Le nouveau Pixar met en scène une ville cosmopolite où vivent, sans trop se mélanger, quatre communautés : L’Eau, l’Air, la Terre et le Feu. Si les 3 premiers éléments semblent cohabiter sereinement, le Feu est un peu ostracisé. Du coup, les habitants Feu vivent entre eux, dans le quartier le plus modeste de la Ville et ils se fréquentent surtout entre eux. Ils vivent dans la nostalgie de leur pays d’origine, et en gardent même quelques caractéristiques linguistiques. Voilà, le message du film est très facile à décrypter : l’accueil difficile des étrangers, les prétendues différences culturelles insurmontables, le communautarisme et ses limites, mais aussi la douleur de l’exil et le poids des aspirations parentales pour ces immigrés de la seconde génération. Rien de subversif, rien de trop compliqué à saisir pour les petits et les grands. Mais ce message tout simple, plein de bons sentiments, est habilement exploité par la mise en scène des éléments. Enfin, ici il est surtout question de l’Eau et du Feu car les deux autres éléments ne sont là que pour compléter le tableau, ils n’ont aucune place dans l’intrigue, ce qui est d’ailleurs dommage. En faisant du Feu l’élément objectivement le plus effrayant, et en lui collant l’étiquette de « L’immigré qui fait peur », les studios Pixar se lancent un défit de taille : bien rendre à l’écran le Feu et l’Eau, dont on sait depuis longtemps que c’est ce qu’il y a de plus délicat à mettre en image. C’est assez réussi visuellement, avec quelques scènes très belles, presque oniriques (la scène des fleurs) et heureusement assez courte pour ne pas casser le rythme d’un film qui dure 1h40, ce qui la durée maximum pour un long métrage destiné aux enfants et à leur seuil de patience. La musique est agréable, et pas trop envahissante (il n’y a pas de moment chanté, et ça me va très bien !) et le film est une véritable explosion de couleur. Le scénario brode un peu sur le thème des amours impossibles, comme « Roméo et Juliette » ou plutôt « West Side Story », les deux protagonistes sont soi-disant incompatibles.
C’est du côté de la famille de Flam, la plus pauvre, la plus refermée sur elle-même, que le couple est inenvisageable. Du côté de la famille Flack, plus riche, plus instruite aussi, on accueille ce couple en devenir avec plus de bienveillance, et une petite pointe de condescendance maladroite aussi. Cette différence de perception, basée sur l’instruction et la position sociale, donne l’impression que le communautarisme est surtout encouragé par les moins favorisés. Je pense qu’il y a là matière à réflexion non seulement aux Etats-Unis (la ville d’Element City étant une métaphore de New-York, avec ses bateaux d’immigrants et ses quartiers bien délimités) mais aussi en France. Vu d’ici, le communautarisme étant « le mal incarné », il est permis de regarder « Elémentaire » avec un œil critique : le communautarisme, on le crée et/ou on le subit ? Je ne m’attendais pas à ce que ce film d’animation m’emmène aussi loin dans l’analyse politique !
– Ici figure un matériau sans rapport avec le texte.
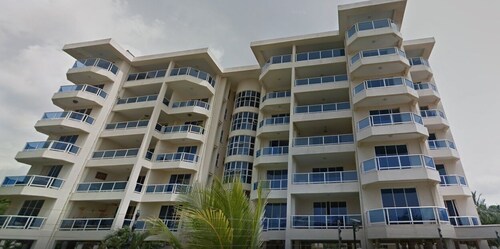 Lux Suites Hayana Palm Apartments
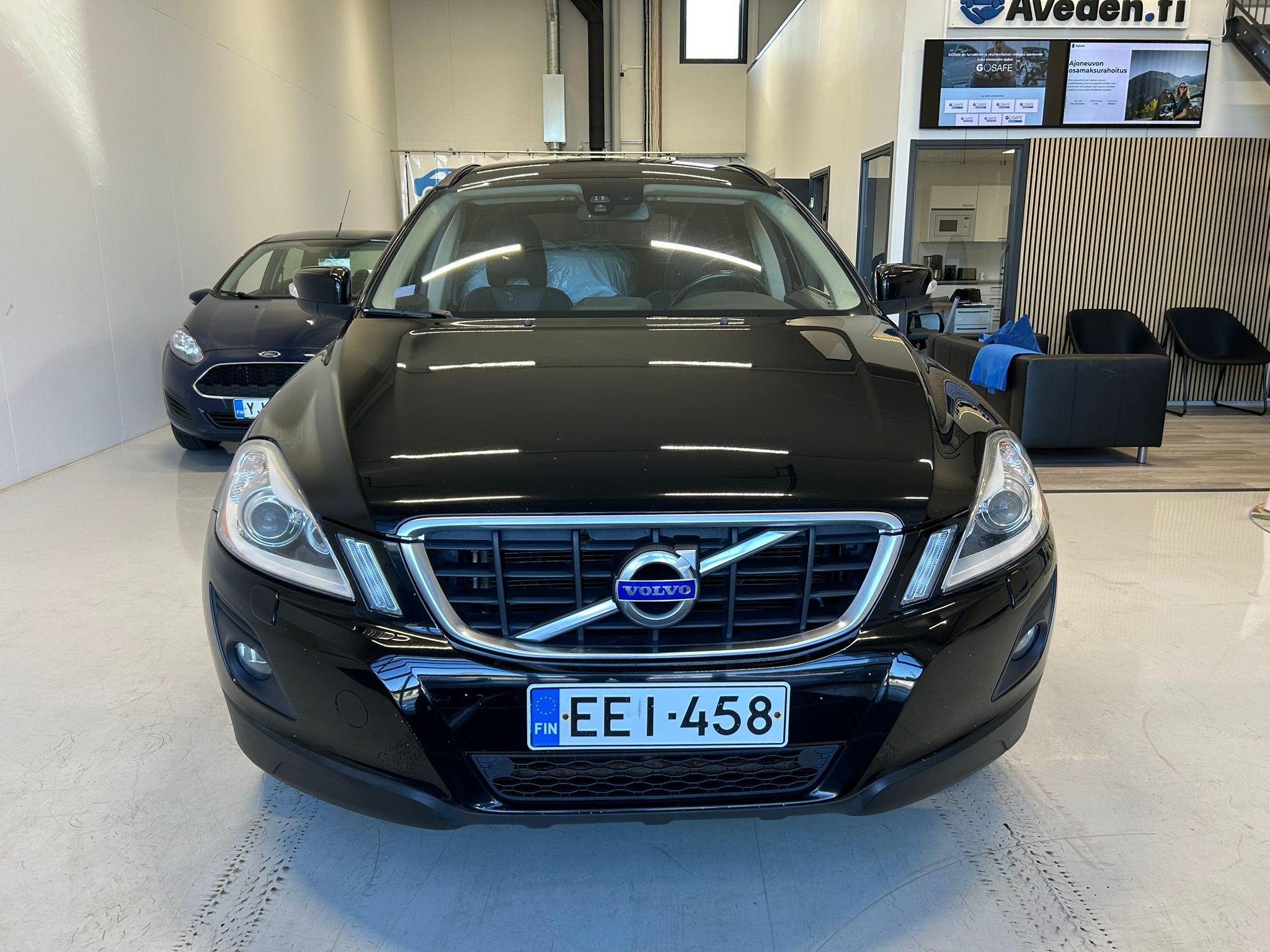 Volvo XC60 D5 2,4D AWD Momentum aut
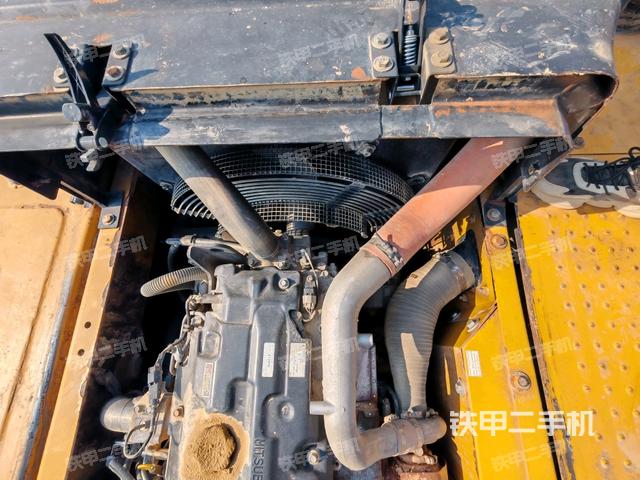 氣門室蓋螺絲特寫（上車部件）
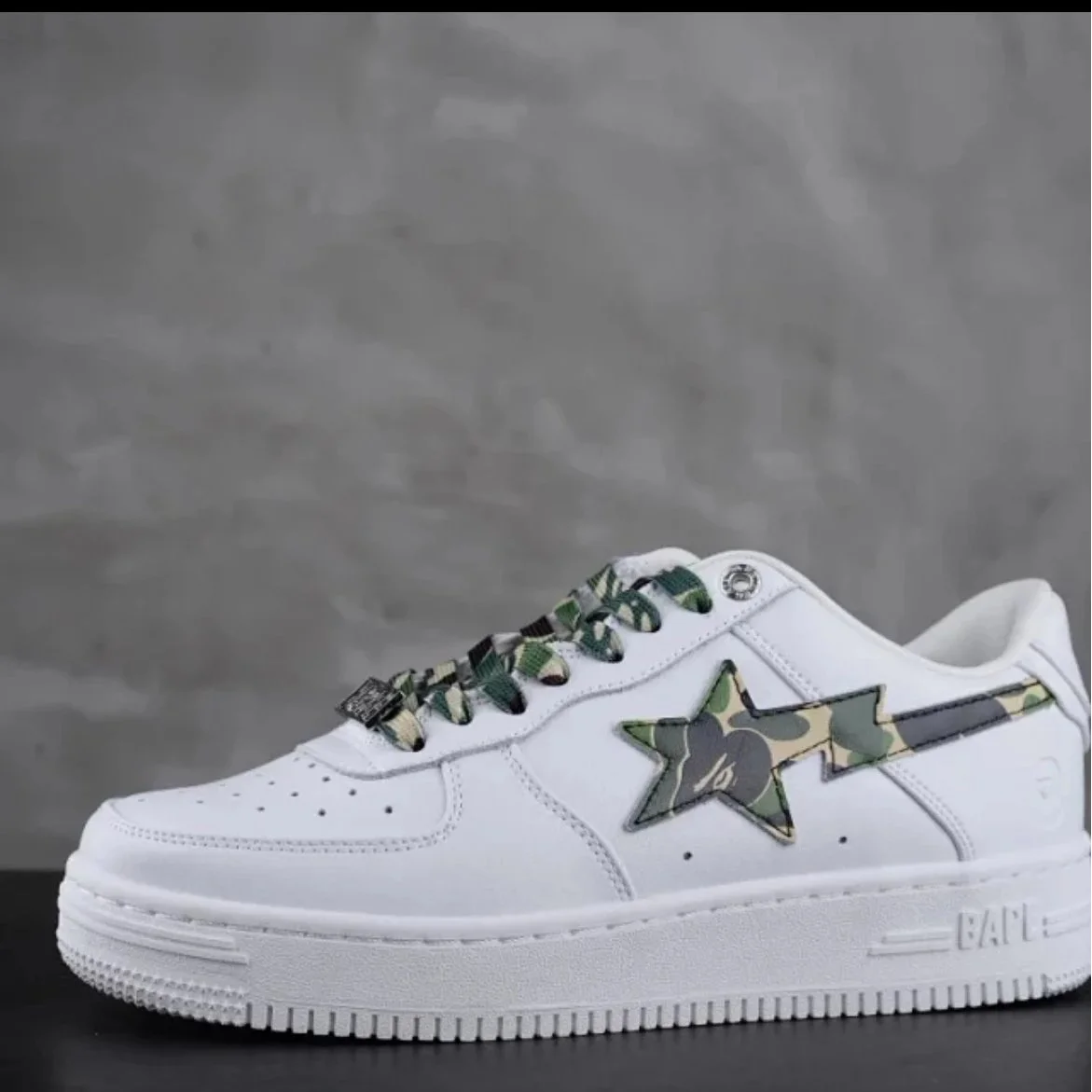 A Bathing Ape A Bathing Ape BAPE STA White/Camo Sneakers White - 1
Quoi qu’il en soit, pour les petits le film est un enchantement visuel et un message de tolérance qui ne peut pas faire de mal. Pour les grands, c’est un film plutôt bien dosé en humour, bien rythmé et qui véhicule un message sans doute plus pointu qu’on ne l’imagine. Sans atteindre la délicatesse et la subtilité du petit bijou qu’était « Vice-versa », « Elémentaire » est un bon Pixar, ingénieux et visuellement très soigné. Je regrette juste d’avoir du le voir en VF. Non pas que je trouve quelque chose à redire au travail d’Adèle Exarchopoulos et Vincent Lacoste, mais je préfère toujours, quand c’est possible voir les films en VOST, même les films d’animation.